Task item:
A faithful copy is needed of the lines below from the one with "S.T. DUPONT ACCENDINO" up to and including the one with "Mae’s Cafe●リトル ミルトン/Malaco/マラコ"; set it down with no pictures and no other lines.

Stored data:
▼
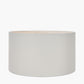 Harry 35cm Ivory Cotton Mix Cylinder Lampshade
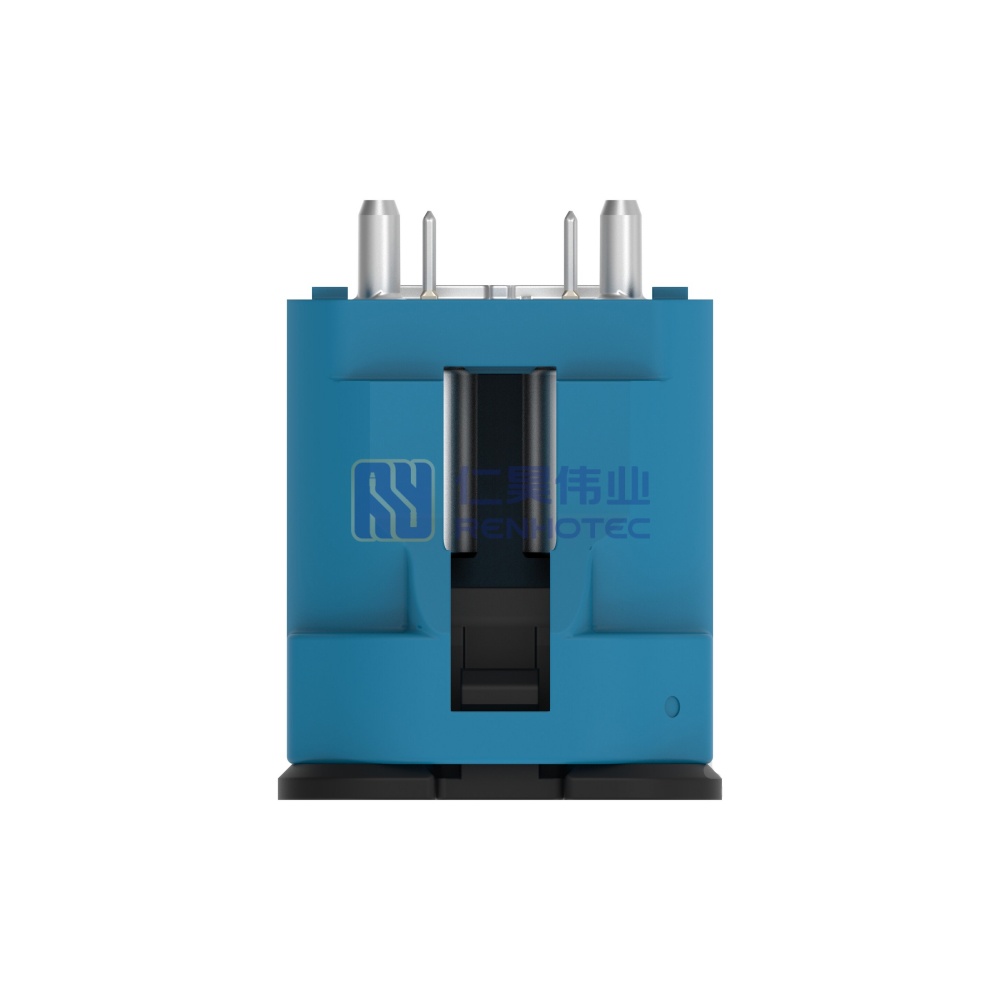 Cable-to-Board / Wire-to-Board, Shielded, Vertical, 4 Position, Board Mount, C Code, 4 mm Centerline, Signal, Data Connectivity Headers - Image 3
▲
▼
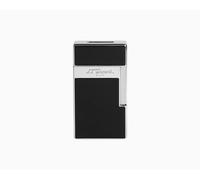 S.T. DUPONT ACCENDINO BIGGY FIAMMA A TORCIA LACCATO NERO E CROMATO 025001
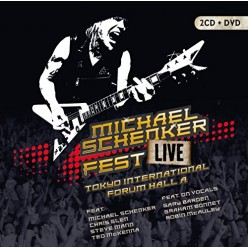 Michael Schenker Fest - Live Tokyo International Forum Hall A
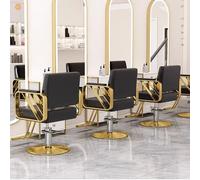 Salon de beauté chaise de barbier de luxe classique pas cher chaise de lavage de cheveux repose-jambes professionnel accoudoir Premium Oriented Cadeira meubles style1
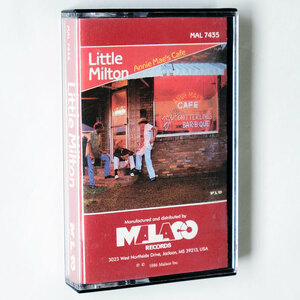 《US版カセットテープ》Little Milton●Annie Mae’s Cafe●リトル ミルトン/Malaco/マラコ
▲
Reply:
 S.T. DUPONT ACCENDINO BIGGY FIAMMA A TORCIA LACCATO NERO E CROMATO 025001
 Michael Schenker Fest - Live Tokyo International Forum Hall A
 Salon de beauté chaise de barbier de luxe classique pas cher chaise de lavage de cheveux repose-jambes professionnel accoudoir Premium Oriented Cadeira meubles style1
 《US版カセットテープ》Little Milton●Annie Mae’s Cafe●リトル ミルトン/Malaco/マラコ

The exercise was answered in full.